Data extract:
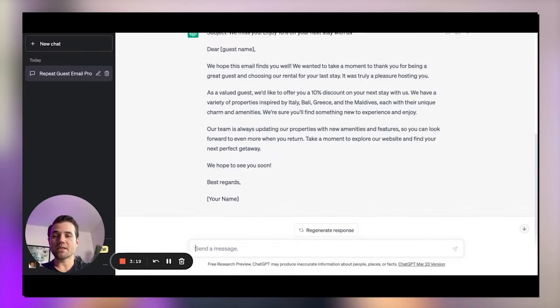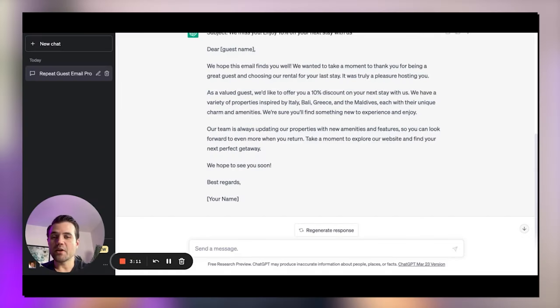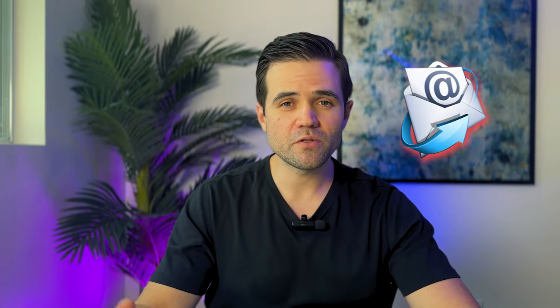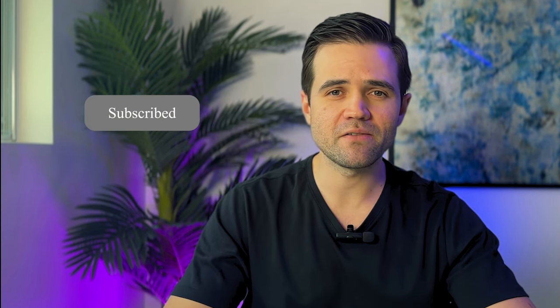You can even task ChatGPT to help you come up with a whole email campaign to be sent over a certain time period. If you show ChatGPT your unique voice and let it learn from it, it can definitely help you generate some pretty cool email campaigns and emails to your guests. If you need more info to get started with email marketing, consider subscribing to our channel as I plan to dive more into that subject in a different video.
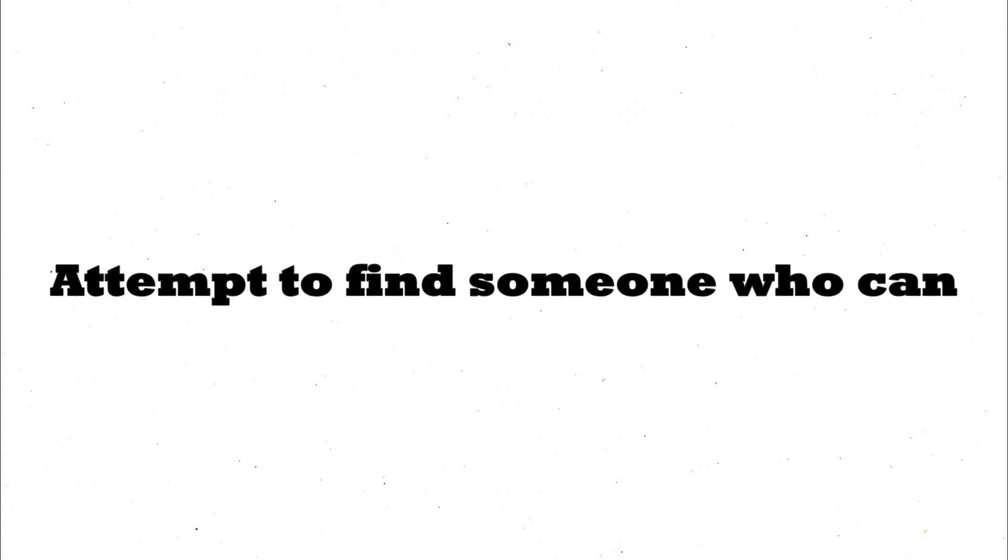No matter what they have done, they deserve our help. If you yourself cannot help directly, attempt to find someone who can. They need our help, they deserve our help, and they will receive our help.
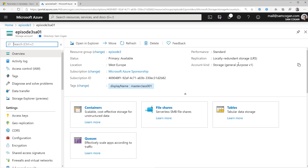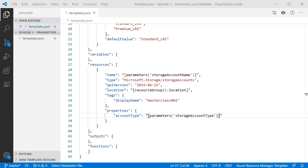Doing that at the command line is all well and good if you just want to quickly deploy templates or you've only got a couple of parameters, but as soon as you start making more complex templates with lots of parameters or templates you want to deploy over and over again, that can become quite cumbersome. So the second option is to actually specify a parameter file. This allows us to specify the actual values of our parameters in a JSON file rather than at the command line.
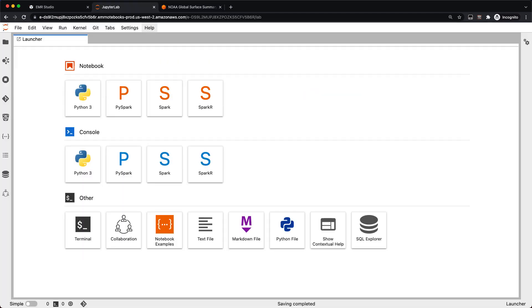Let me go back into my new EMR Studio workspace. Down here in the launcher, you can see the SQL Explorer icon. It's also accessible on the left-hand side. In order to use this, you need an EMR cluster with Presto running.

Problem details: The task requires that every line above be transcribed exactly, without the images.

Your response:
You can even task ChatGPT to help you come up with a whole email campaign to be sent over a certain time period. If you show ChatGPT your unique voice and let it learn from it, it can definitely help you generate some pretty cool email campaigns and emails to your guests. If you need more info to get started with email marketing, consider subscribing to our channel as I plan to dive more into that subject in a different video.
No matter what they have done, they deserve our help. If you yourself cannot help directly, attempt to find someone who can. They need our help, they deserve our help, and they will receive our help.
Doing that at the command line is all well and good if you just want to quickly deploy templates or you've only got a couple of parameters, but as soon as you start making more complex templates with lots of parameters or templates you want to deploy over and over again, that can become quite cumbersome. So the second option is to actually specify a parameter file. This allows us to specify the actual values of our parameters in a JSON file rather than at the command line.
Let me go back into my new EMR Studio workspace. Down here in the launcher, you can see the SQL Explorer icon. It's also accessible on the left-hand side. In order to use this, you need an EMR cluster with Presto running.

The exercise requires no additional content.